Comparison of the binding affinities of various FGF4 mutants towards FGFR2. The capacity of the various FGF4 mutants to compete with binding of the N-terminally truncated wild-type FGF4 to FGFR2 binding was measured as described in Materials and Methods. The data are expressed as percent inhibition of wild-type FGF4 binding to FGFR2 by the indicated amount of unlabeled mutant FGF4. The results presented in this figure are also summarized in Table 2, where we have calculated for each mutant a 50% inhibitory concentration, or the concentration of mutant FGF4 necessary to compete off 50% of wild-type FGF4.

FIG. 4

Differential effect of heparin on stimulation of DNA synthesis in NIH 3T3 cells by some FGF4 mutants.
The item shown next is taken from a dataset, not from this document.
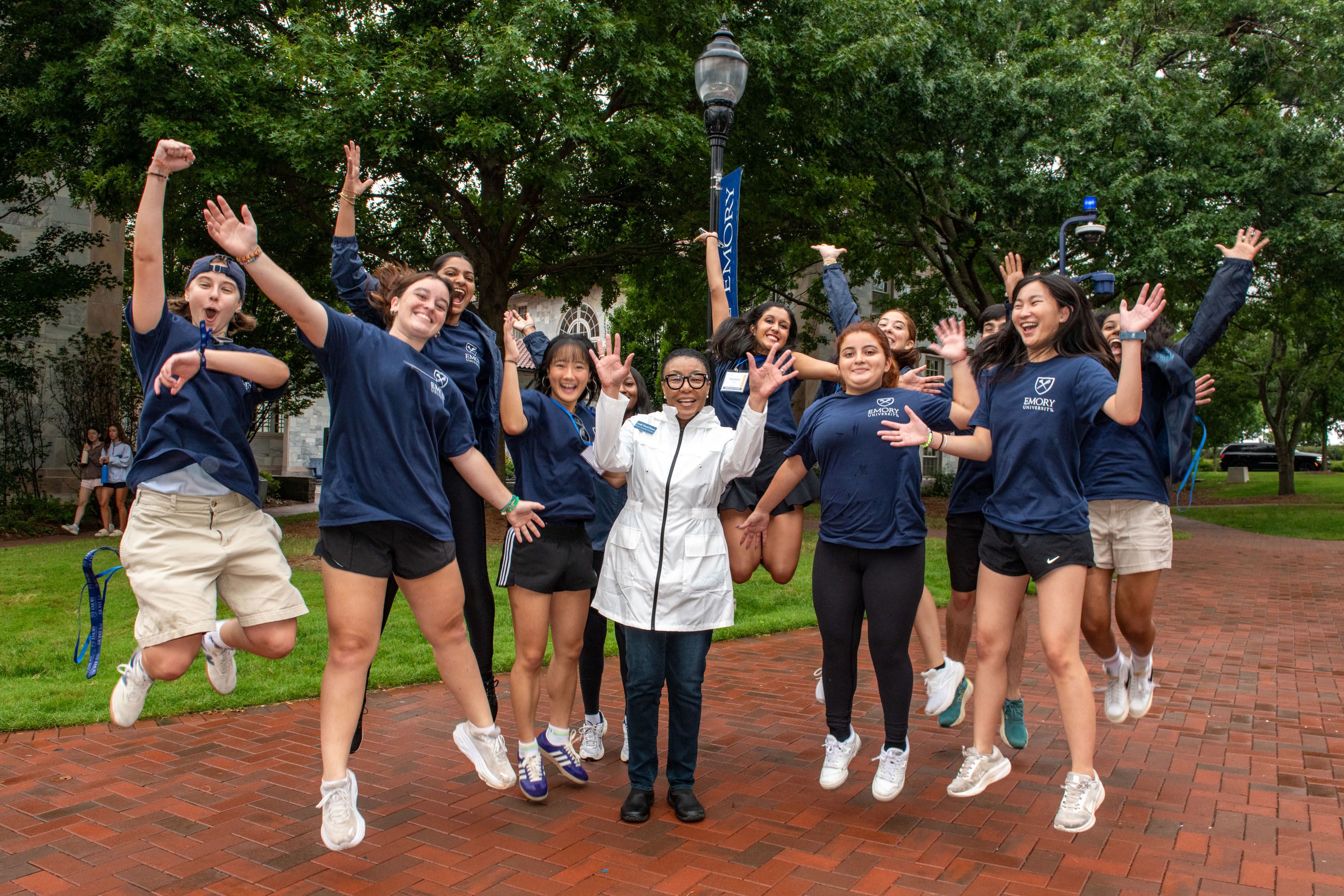 Student in Emory teachers surround Leah Ward Sears as they jump and cheer to celebrate move-in day.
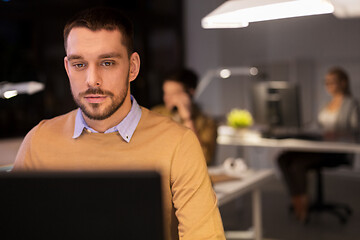 Image showing man with computer working late at night office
Thymidine uptake in NIH 3T3 cells in response to increasing concentrations of wild-type FGF4 and FGF4 mutants in the presence and absence of exogenous heparin was determined as described in Materials and Methods. (A) A representative experiment with the E159A and L203A mutants. (B) A representative experiment with the K183A/K188A and N89A/K198A double mutants. These results and those obtained with other mutants are summarized in Table 2, where we calculate the 50% effective dose—the concentration of mutant necessary to achieve 50% of maximum DNA synthesis produced by the wild-type FGF4.

FIG. 5

Heparin binding sites in FGF4. (A) A dimeric FGF4-FGFR1-heparin model was created by superimposition of the Cα traces of two FGF4 structures onto the Cα traces of the two FGF2 molecules in the FGF2-FGFR1-heparin ternary structure. NT and CT denote the amino and carboxy termini, respectively. The coloring for FGF4 and FGFR1 is as presented in Fig. 2. The heparin oligosaccharides are rendered in the ball-and-stick format. The atom coloring for oxygens and nitrogens is as presented in Fig. 2. In addition, sulfur atoms are yellow, and the carbon atoms of oligosaccharides are gray. (B) FGF4 residues that localize to the heparin binding surface of FGF4 in the context of the ternary FGF4-FGFR1-heparin structure are mapped onto the ribbon diagram of FGF4. FGF4 residues that localize to the peripheries of the high-affinity heparin binding site and could potentially bind heparin are labeled in purple letters. A sulfate ion is bound to the conventional high-affinity heparin binding site. Another sulfate ion is bound in the additional potential heparin binding site. The atom coloring is as presented in panel A. Dotted lines represent hydrogen bonds. The sugar rings of heparin are labeled A through H, starting at the nonreducing end of the oligosaccharide. This figure was created with Molscript and Raster3D.